Nearby, house painter Ron Good, 42, elbowed up to a Natty Boh. "It is good to be around people," said Good, who lives in Remington but whose relatives are mostly in Washington state. "I have got no place to go. If it wasn't for this, I would be sitting at home watching TV."
He took a sip from the beer can and smiled. "Except I can't find the remote."
Despite a few hard-luck stories, the atmosphere in the tavern was anything but down.
"It's not like we're in here drowning our sorrows," insisted Stacey Purnell, 41, a bank branch manager. "We're in here celebrating Christmas by doing something different."
Purnell and her boyfriend, Brad Bell, spent the morning cooking Christmas dinner, which they planned on eating that evening with her son.

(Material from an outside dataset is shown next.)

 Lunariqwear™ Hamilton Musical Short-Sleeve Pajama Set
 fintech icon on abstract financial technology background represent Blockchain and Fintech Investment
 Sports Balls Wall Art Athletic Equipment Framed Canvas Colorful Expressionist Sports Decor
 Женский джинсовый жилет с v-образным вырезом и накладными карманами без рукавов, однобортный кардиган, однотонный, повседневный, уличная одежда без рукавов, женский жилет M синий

Like all the people gathered there yesterday, they considered their fellow bar regulars family.
"Friends are your chosen family, and this is a room full of friends," said John Moomau, two hours later and four miles away at One Eyed Mike's in Fells Point. "This is what I envision Christmas should be."
Moomau, the manager of Austin Grill in Canton, was eyeing the eggplant tapenade appetizer, the first of several courses - including tournedos of filet mignon, fois gras and stuffed lobster - offered up by proprietor Michael Maraziti at his bar's private Christmas party.
"This is our fourth party, and it grows every year," said Maraziti, whose family lives in Rhode Island. "Mostly these are people who don't have family in town. Close friends, good customers."
This year, the party included about 25 guests and thousands of dollars of wine, much of it brought in by the celebrants, said Arthur Perschetz, a Washington attorney who moved to Fells Point from Guilford six years ago.
"These are all people from the neighborhood," said Perschetz. "A huge variety of people who are successful and comfortable in our lifestyle."
Engineer Bary Hearon could not get time off from work to visit his 83-year-old father in Florida, his only living relative. "This is more enjoyable than being at home," Hearon said, "especially at Christmas. It really makes my holiday a lot more special."
The menus were different, but the sentiment at both bars yesterday was the same.
"This is uplifting," said Cordell Ailor, 60, a Mount Royal Tavern regular for 20 years. "Most of us have known each other for a long time." He scanned the bar and nodded. "This place has a certain class to it."